Pożar mógł więc być tylko przykrywką dla morderstwa. Jak donoszą francuskie media, wszczęte zostało śledztwo w tej sprawie. Aresztowano już jednego, około 20-letniego mężczyznę. Motyw morderstwa pozostaje na razie nieznany, ale prokuratorzy z Paryża "nie wykluczają żadnej z teorii".
Ofiara, Mireille K., była wyznania żydowskiego - stwierdziła Służba Ochrony Społeczności Żydowskiej (Service de protection de la communauté juive, SPCJ), organ zajmujący się aktami antysemickimi we Francji.

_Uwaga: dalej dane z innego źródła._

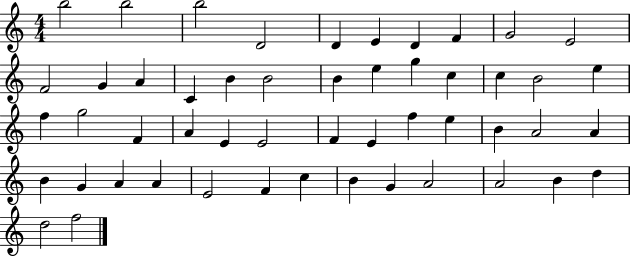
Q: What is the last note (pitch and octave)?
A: F5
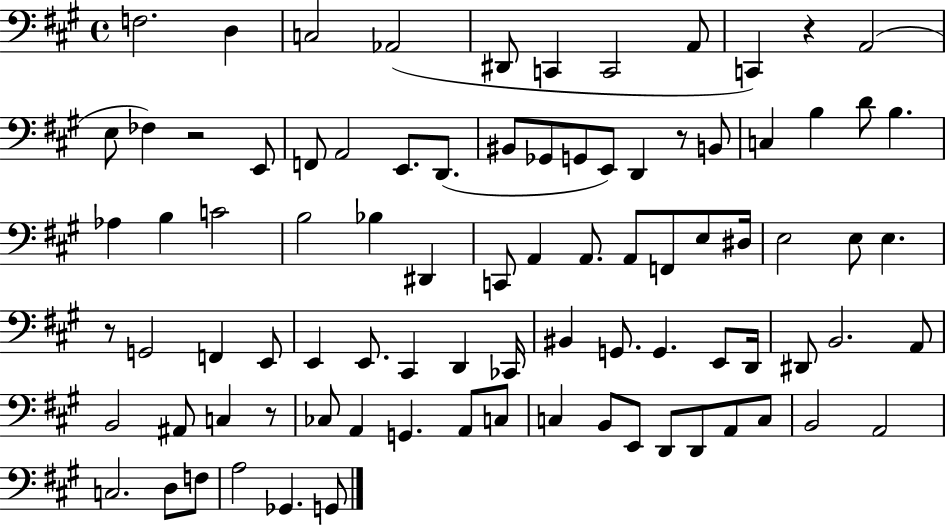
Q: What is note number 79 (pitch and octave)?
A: F3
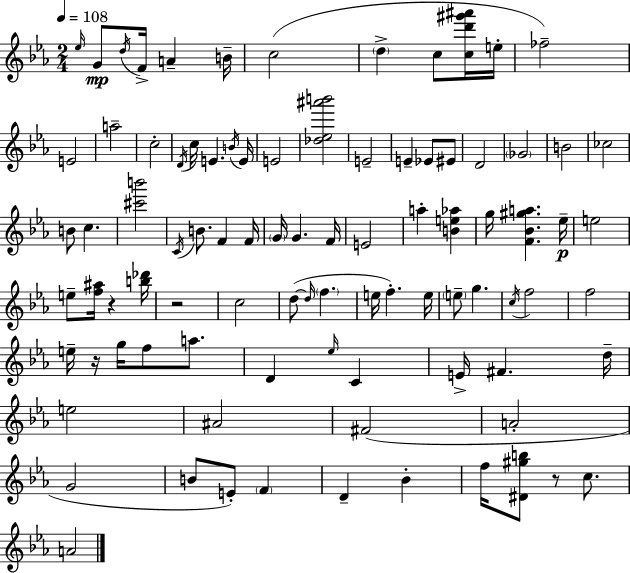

Mireille w lipcu 1942 była "ocalałą z obławy Vel d'Hiv, największego masowego aresztowania francuskich Żydów podczas II wojny światowej. Nazwa wydarzenia pochodzi od krytego toru kolarskiego, tzw. Vélodrome d’Hiver. Proniemiecki rząd Vichy przy pomocy ok. 9 tys. policjantów zatrzymał wówczas ponad 13 tys. Żydów.
Dochodzenie nie wykazało jeszcze, czy do ewentualnego zabójstwa doszło z pobudek antysemickich, jednak organizacje żydowskie chcą dopilnować, by policja nie zignorowała tej możliwości.